§ **EXERCISE AIM**
Could you copy exactly the lines below, beginning at the line with "Bébé né princesse sur la robe de glace 43 cm" and stopping after the line with "GOHEMP GOHEMP（ゴーヘンプ） ワイド ポケット Tシャツ / 8oz", with no pictures?

[Stored items]
<<<<
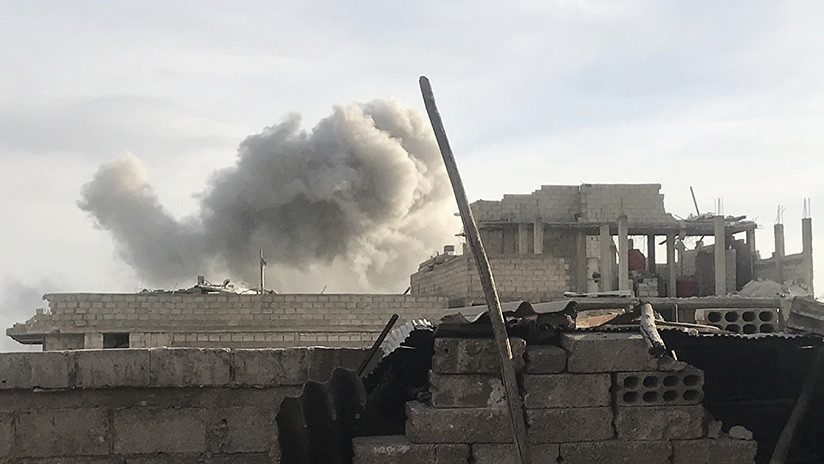 «Hay señales de que EE.UU. se prepara para posibles ataques en Siria»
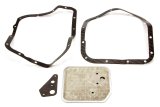 TCI Racing Filter and Pan Gaskets 128500 Automatic Transmission Filter, AMC, Chrysler, Torque Command 727, Torqueflite 727, Kit thumbnail 2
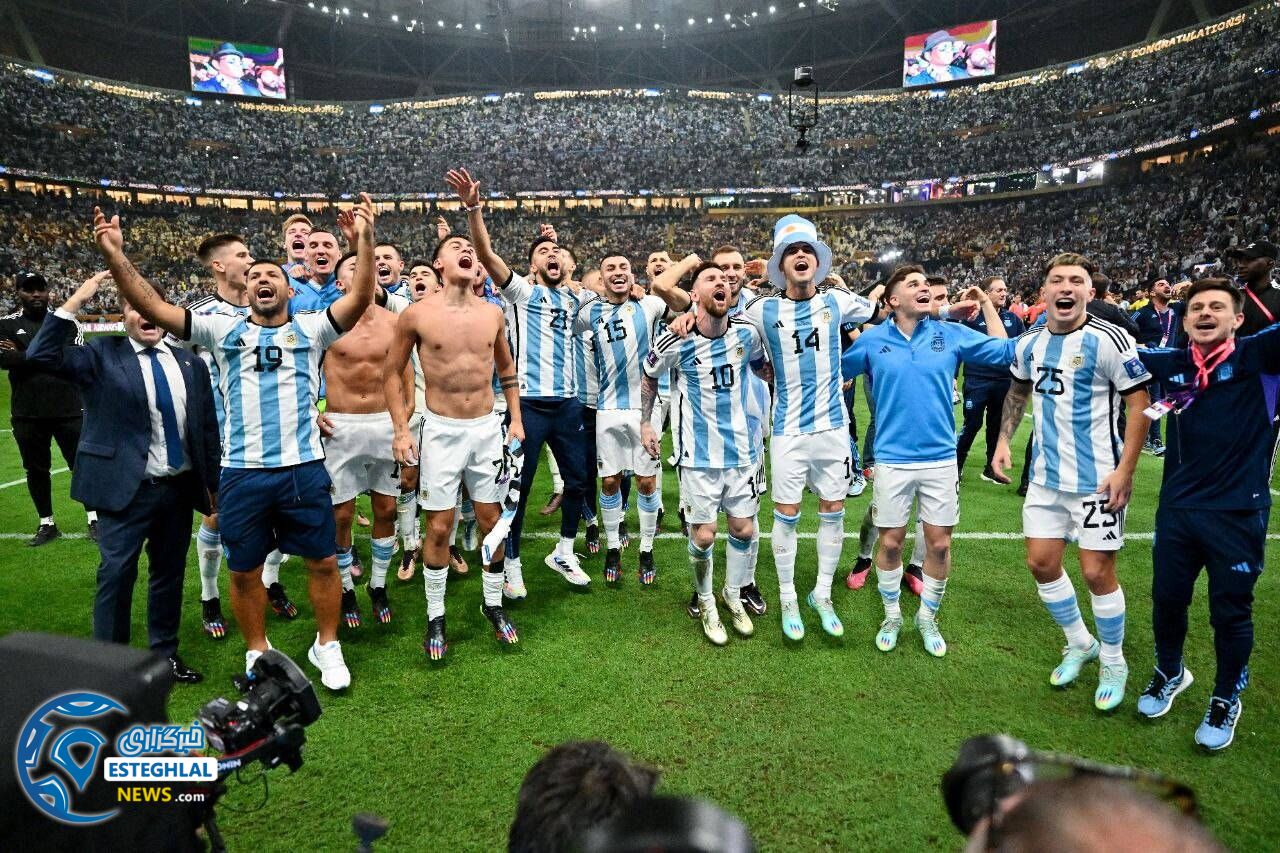 آرژانتین قهرمان جام جهانی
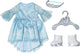 Bébé né princesse sur la robe de glace 43 cm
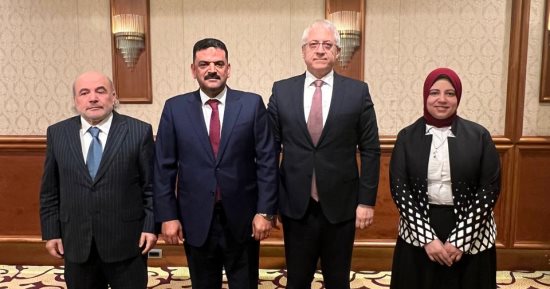 رئيس الثروة المعدنية يواصل المباحثات مع مستثمري التعدين في تركيا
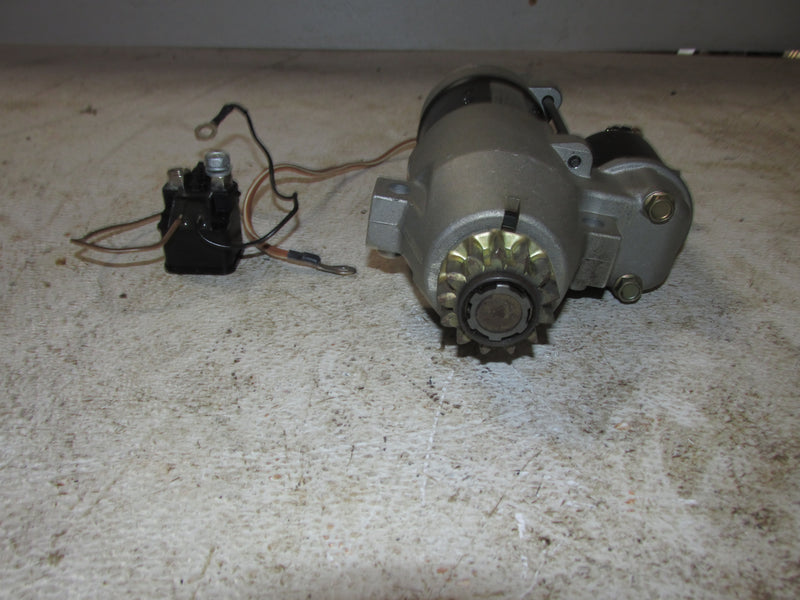 Yamaha 200hp 3.3L 4 Stroke Outboard Starter and Relay (69J-81800-00)
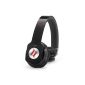 Noontec MF3116 (B) Zoro Bluetooth On-Ear Headphones speakerphones black (Accessories)
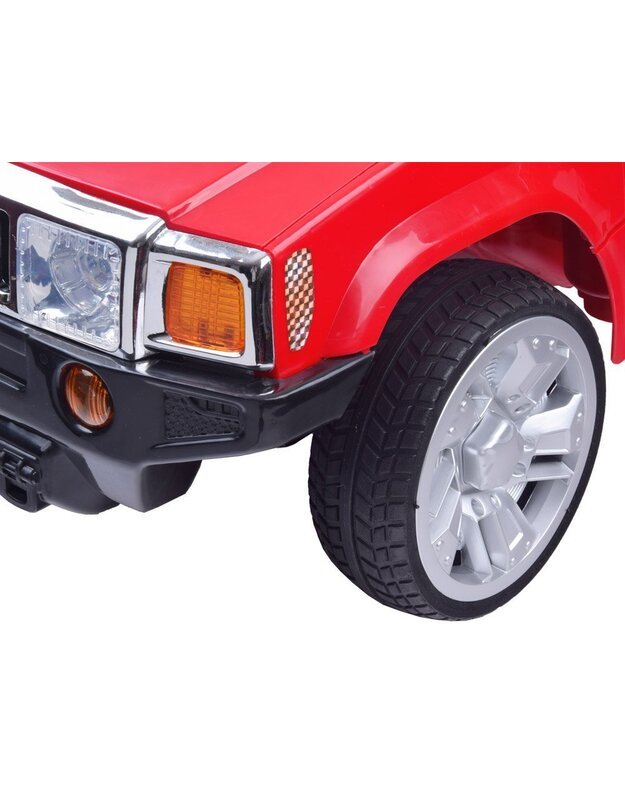 Dvivietis elektromobilis HUMMER VELOCITY - žalias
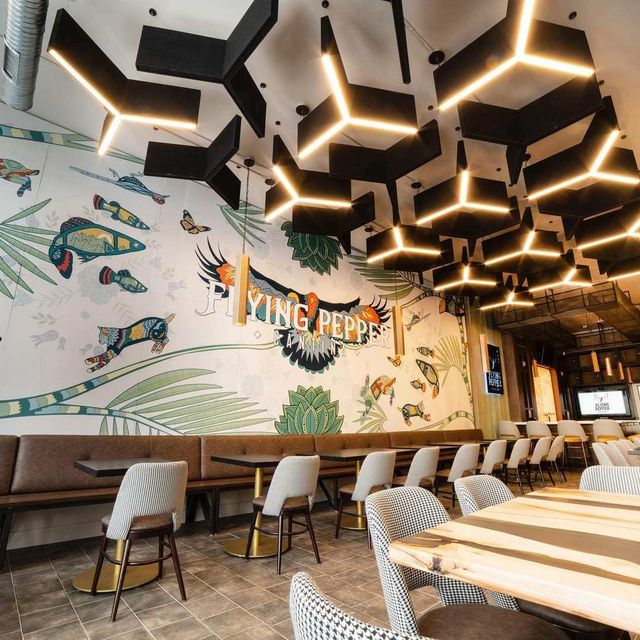 The Flying Pepper Cantina Restaurant Bellefontaine, , OH OpenTable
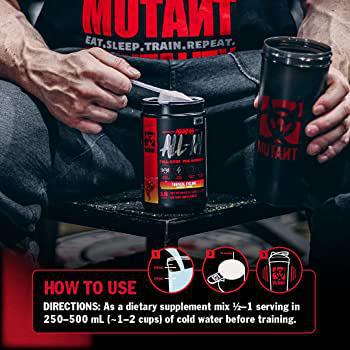 Mutant Madness All-IN-Stax Nutrition Center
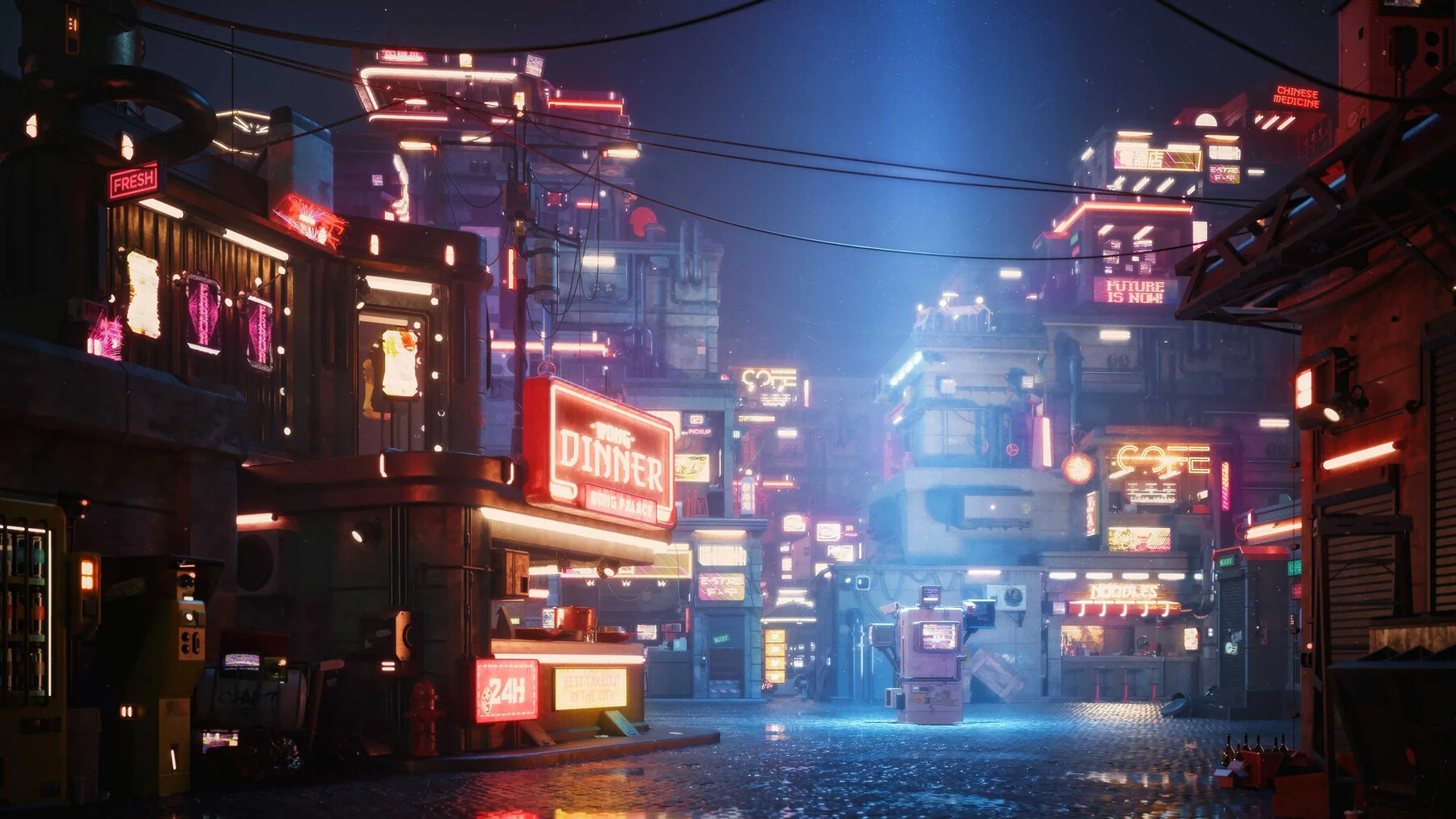 Cyberpunk city in real life фото 24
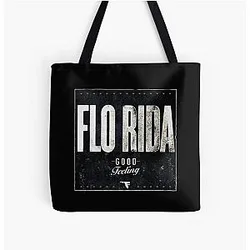 flo rida All Over Print Tote Bag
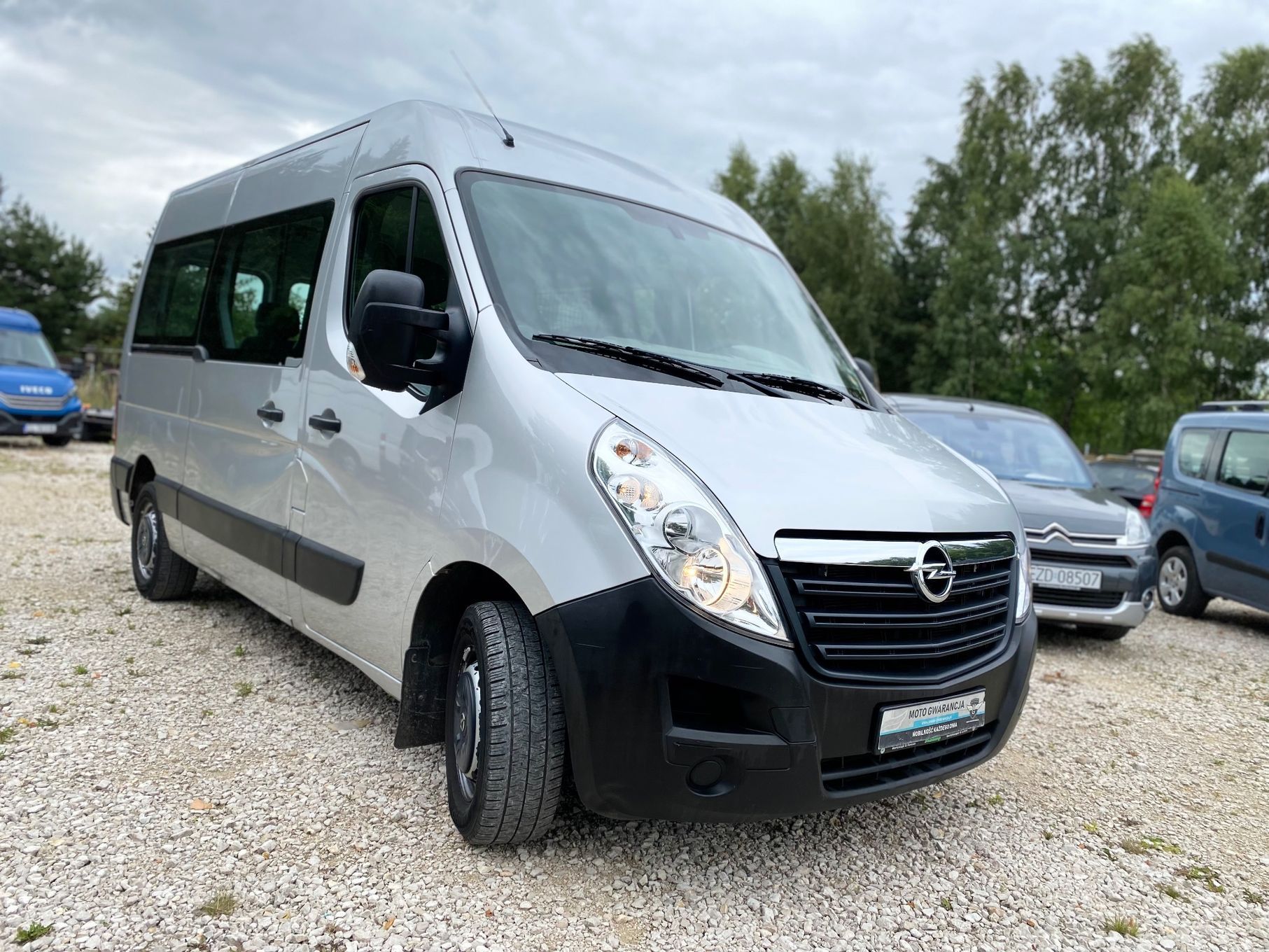 Opel Movano 2.3T _ Klimatyzacja _ 9 Osobowy _ ZOBACZ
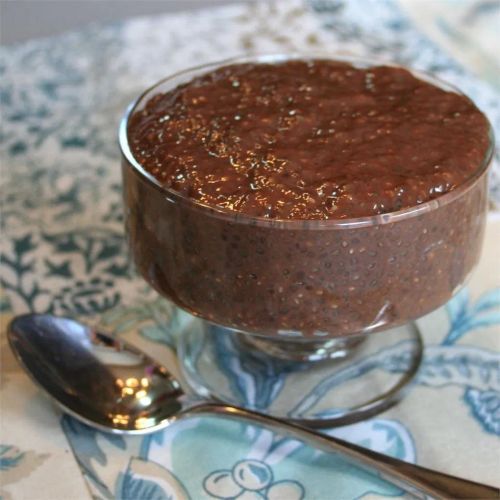 Chocolate Chia Seed Pudding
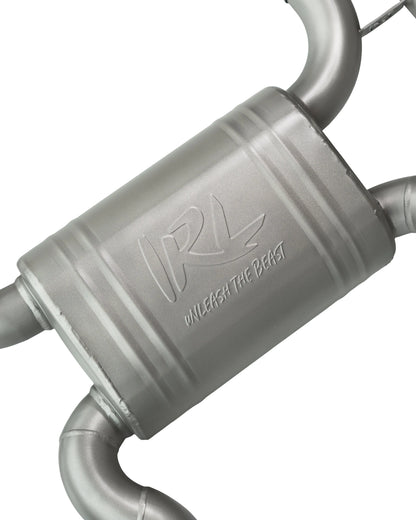 IRL V2 G80 G82 G83 Catback Valved Exhaust IRL LLC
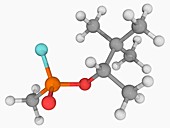 Soman molecule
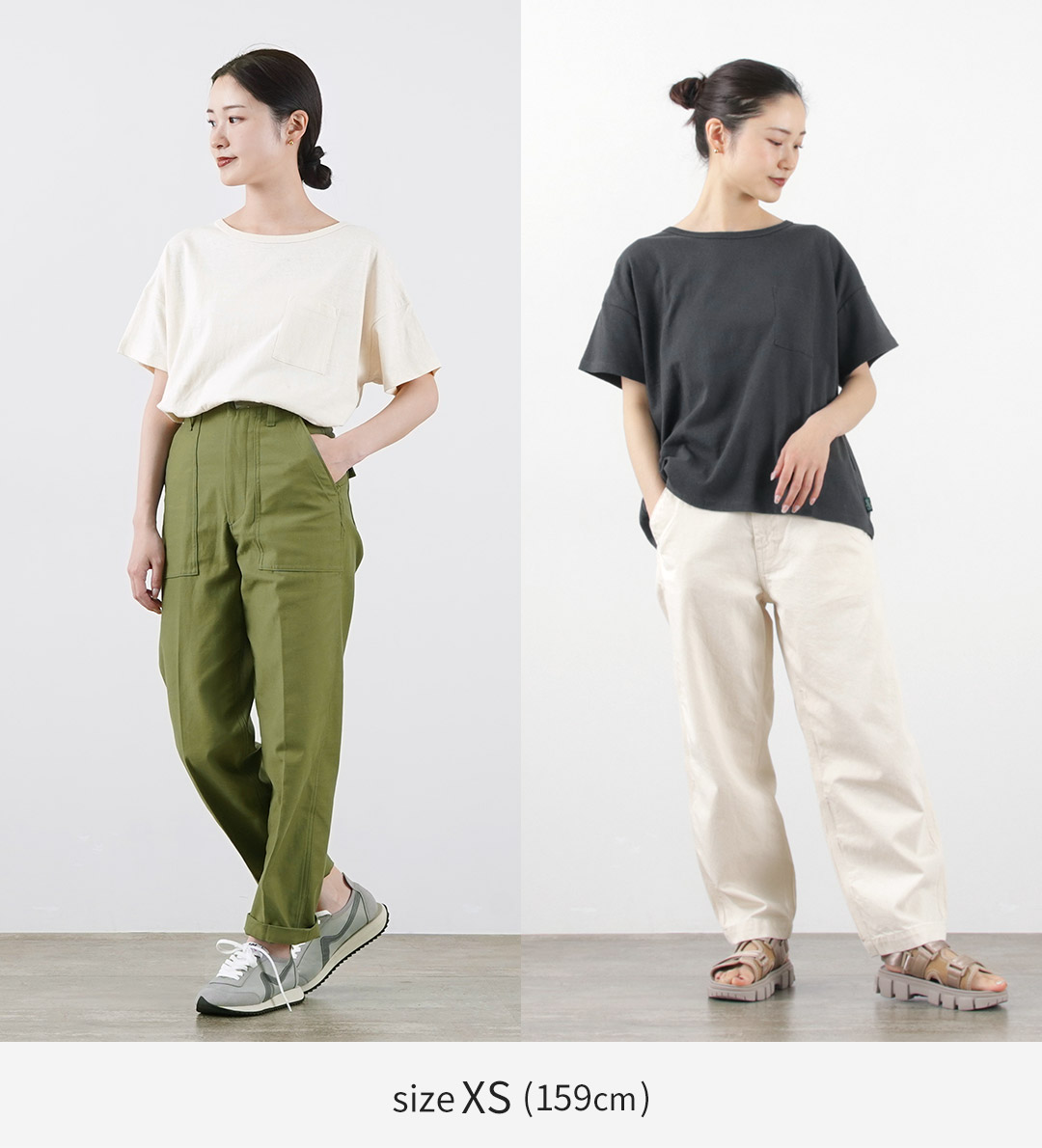 GOHEMP GOHEMP（ゴーヘンプ） ワイド ポケット Tシャツ / 8oz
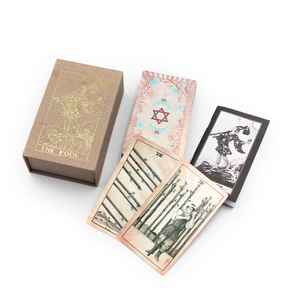 Cartes <span class=keywords><strong>de</strong></span> <span class=keywords><strong>tarot</strong></span> <span class=keywords><strong>de</strong></span> haute qualité en gros, impression <span class=keywords><strong>de</strong></span> cartes en papier écologique personnalisées, boîte magnétique oracle, <span class=keywords><strong>jeu</strong></span> <span class=keywords><strong>de</strong></span> cartes <span class=keywords><strong>de</strong></span> <span class=keywords><strong>tarot</strong></span> - Product Image 4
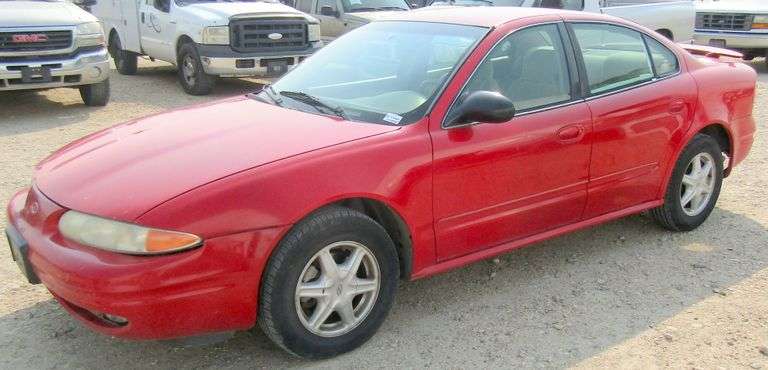 U-1540 2003 Oldsmobile Alero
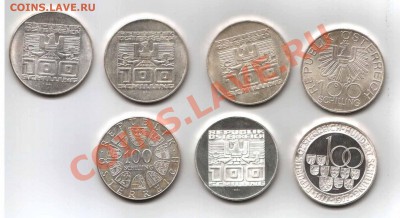 Австрия. Монеты по 100 шиллингов. Серебро - 2012-02-26 13-54-00_0016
>>>>
§ **EXERCISE RESPONSE**
 Bébé né princesse sur la robe de glace 43 cm
 رئيس الثروة المعدنية يواصل المباحثات مع مستثمري التعدين في تركيا
 Yamaha 200hp 3.3L 4 Stroke Outboard Starter and Relay (69J-81800-00)
 Noontec MF3116 (B) Zoro Bluetooth On-Ear Headphones speakerphones black (Accessories)
 Dvivietis elektromobilis HUMMER VELOCITY - žalias
 The Flying Pepper Cantina Restaurant Bellefontaine, , OH OpenTable
 Mutant Madness All-IN-Stax Nutrition Center
 Cyberpunk city in real life фото 24
 flo rida All Over Print Tote Bag
 Opel Movano 2.3T _ Klimatyzacja _ 9 Osobowy _ ZOBACZ
 Chocolate Chia Seed Pudding
 IRL V2 G80 G82 G83 Catback Valved Exhaust IRL LLC
 Soman molecule
 GOHEMP GOHEMP（ゴーヘンプ） ワイド ポケット Tシャツ / 8oz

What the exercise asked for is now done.